The trio was rewarded with a hearty standing ovation after performing an hour of solid melodic swing on October 12. Although I was a quarter-century younger than most of the 100 people in attendance, I had no trouble admiring the old-school playing of bassist Rigazzi, drummer Ray DeMarchi and pianist Paul Smith.
While Smith's reassuring work was the clear audience favorite, DeMarchi's jittery accompaniment on an oddly upbeat rendition of "'Round Midnight" thrilled me. A nasty unaccompanied four-minute bass solo that evoked Charles Mingus may have unsettled some in the audience but it served to remind me that Rigazzi merits consideration alongside Bob Bowman and Gerald Spaits in any serious discussion of Kansas City's elite straight-ahead jazz bassists. Kim Sivils, Rigazzi's regular musical partner, replaced Smith for one number. Her lyrical touch offered fascinating contrast to Smith's more assertive playing.

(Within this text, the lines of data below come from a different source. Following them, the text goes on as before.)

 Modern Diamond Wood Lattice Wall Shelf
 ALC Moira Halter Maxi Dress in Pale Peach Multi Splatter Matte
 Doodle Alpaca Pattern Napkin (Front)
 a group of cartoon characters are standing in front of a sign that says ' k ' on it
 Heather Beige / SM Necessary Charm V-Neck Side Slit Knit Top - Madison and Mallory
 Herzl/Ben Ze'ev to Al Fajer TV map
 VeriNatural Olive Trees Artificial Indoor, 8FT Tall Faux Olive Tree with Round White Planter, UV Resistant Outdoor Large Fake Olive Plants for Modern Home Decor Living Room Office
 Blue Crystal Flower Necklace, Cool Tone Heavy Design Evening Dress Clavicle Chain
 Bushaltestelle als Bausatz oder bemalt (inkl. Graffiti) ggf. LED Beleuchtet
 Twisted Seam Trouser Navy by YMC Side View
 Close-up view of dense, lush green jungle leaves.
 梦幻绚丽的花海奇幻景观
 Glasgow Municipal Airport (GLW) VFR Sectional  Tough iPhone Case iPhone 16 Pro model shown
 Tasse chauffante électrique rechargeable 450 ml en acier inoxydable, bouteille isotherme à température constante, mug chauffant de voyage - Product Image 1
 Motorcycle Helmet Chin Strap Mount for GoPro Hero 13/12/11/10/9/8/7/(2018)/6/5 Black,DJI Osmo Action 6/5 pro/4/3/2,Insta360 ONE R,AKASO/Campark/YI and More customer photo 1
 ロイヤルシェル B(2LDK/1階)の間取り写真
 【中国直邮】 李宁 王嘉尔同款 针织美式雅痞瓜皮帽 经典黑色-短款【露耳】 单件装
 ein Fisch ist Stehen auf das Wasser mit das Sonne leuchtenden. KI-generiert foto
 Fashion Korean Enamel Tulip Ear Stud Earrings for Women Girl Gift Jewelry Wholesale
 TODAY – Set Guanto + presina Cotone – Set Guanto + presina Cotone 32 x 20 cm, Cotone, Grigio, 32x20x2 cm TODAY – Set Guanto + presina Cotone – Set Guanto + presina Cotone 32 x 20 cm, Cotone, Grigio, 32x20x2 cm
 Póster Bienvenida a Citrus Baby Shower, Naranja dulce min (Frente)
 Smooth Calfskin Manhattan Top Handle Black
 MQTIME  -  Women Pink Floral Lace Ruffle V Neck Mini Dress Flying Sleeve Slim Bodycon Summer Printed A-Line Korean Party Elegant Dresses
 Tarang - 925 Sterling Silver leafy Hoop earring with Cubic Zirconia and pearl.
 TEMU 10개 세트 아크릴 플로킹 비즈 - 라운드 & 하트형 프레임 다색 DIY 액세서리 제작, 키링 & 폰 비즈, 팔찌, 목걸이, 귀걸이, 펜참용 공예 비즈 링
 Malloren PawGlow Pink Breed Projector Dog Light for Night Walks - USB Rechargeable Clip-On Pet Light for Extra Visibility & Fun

The free noontime concert was part of the Ruel Joyce Series. I've been aware of the series for some time, but it took an appearance by Matt Otto's quartet on October 5 to first attract me to one of its events. The Otto-led combo of Gerald Dunn, Jeff Harshbarger and Mike Warren is one of the premier groups in the region, if not the world.
Their adventurous set didn't disappoint me, although the unflaggingly polite capacity audience didn't even consider offering them a standing ovation. Even so, I felt guilty about claiming a spot that would have otherwise gone to another jazz fan. I sense that the Ruel Joyce series represents the sole opportunity for many people to hear live jazz.
Besides, after witnessing both their passion and quick reflexes, I'm now reluctant to antagonize elderly jazz fans.